Question #15: People often talk about the divide between what happens "in game" and "in real life." Do you maintain that divide in your own play, or do you tend to take what happens to your character personally? Why?

To be honest, I have difficulty in conceiving how someone could not make this distinction - and I suspect that the only people who think this happens aren't gamers. And they're probably the people who think that the actions of fictional characters represent the opinion of the author, too.

My interest in this area is precisely the opposite - what elements of real life can I carry over into games? Whenever I learn something new about the world, from geology to current events, there's a background process going on in my head about how this - whatever "this" is - is represented in the campaign world.

There's a strip in Knights of the Dinner Table where BA is saying that he spent a long time on the orcish threat gestures, something that has plainly never entered play. That's me. I know stuff about the geology and climatic zones of Davon that will never, ever enter the game - but it gives me a considerable sense of satisfaction to know them anyway.

I do try not make the parallels clear. I feel it's jarring if someone can say, "Hang on, this happened in Spain in the 17th Century!". The material I'm currently studying in a History module, for instance, concerning the Wars of Religion in France, likely won't be identifiable when it appears in the game. But it will appear - though probably separated into distinct pieces, with a weak monarchy there, rapid switching of allegiances over here, and maybe two enemies with the same name in an entirely different campaign.

There's also the observation that if you put the events of real history into a game, stripped of the national identifiers and half-known narratives that surround them, players might well refuse to accept that NPCs could be that stupid, arrogant, or evil, and go looking for the demons or compulsions that are clearly behind such actions.

Likewise, this year's entire sociology module will reappear at some stage, chopped up and made into a sort of narrative soup. Hegemonic ideas have already made an appearance; that was too juicy a concept not to press into immediate use.

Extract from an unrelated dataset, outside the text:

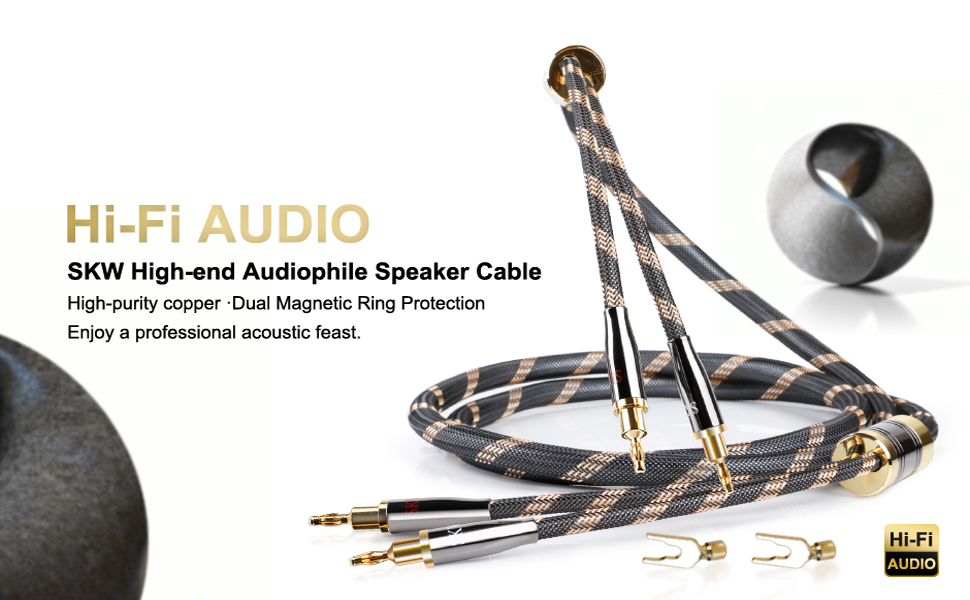 Акустичні кабелі SKW для колонок Hi-Fi, пара (2 шт.), 1.5м, з позолоченими роз'ємами-бананами та нейлоновим обплетенням, аудіофільна якість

Effects on societies of inequality will be another one; I've already done a lot of thinking about the effects on human societies of long-lived elves and dragons, and how those creatures' societies would handle, say, inheritance.

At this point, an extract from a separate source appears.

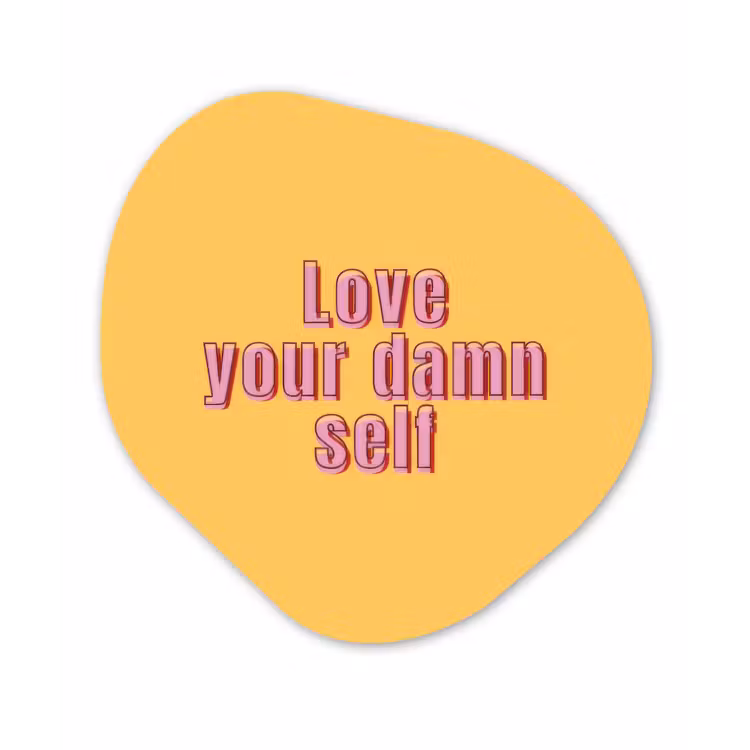 Organisch schilderij - Glas - Love yourself - Roze - Geel — 1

News and current events are an obvious thing to add to the mix. I keep notes for myself; abstracted out so that I don't connect them with the real events, and look back on them every couple of years for stuff to include. I don't know where "weak leader establishes power-base by clever use of gutter journalism" came from, nor "personal beliefs cause rift between politically aligned families". But they're good things to integrate into a game world.

I've done a lot of reading in geography and economics over the years, and that turns up in the games too. Climate science, chaos theory, causality, all those are elements from the pages of New Scientist and Focus that have landed here and there.

I can tell reality from fantasy perfectly well. But I get great entertainment out of bringing one into the other anyway.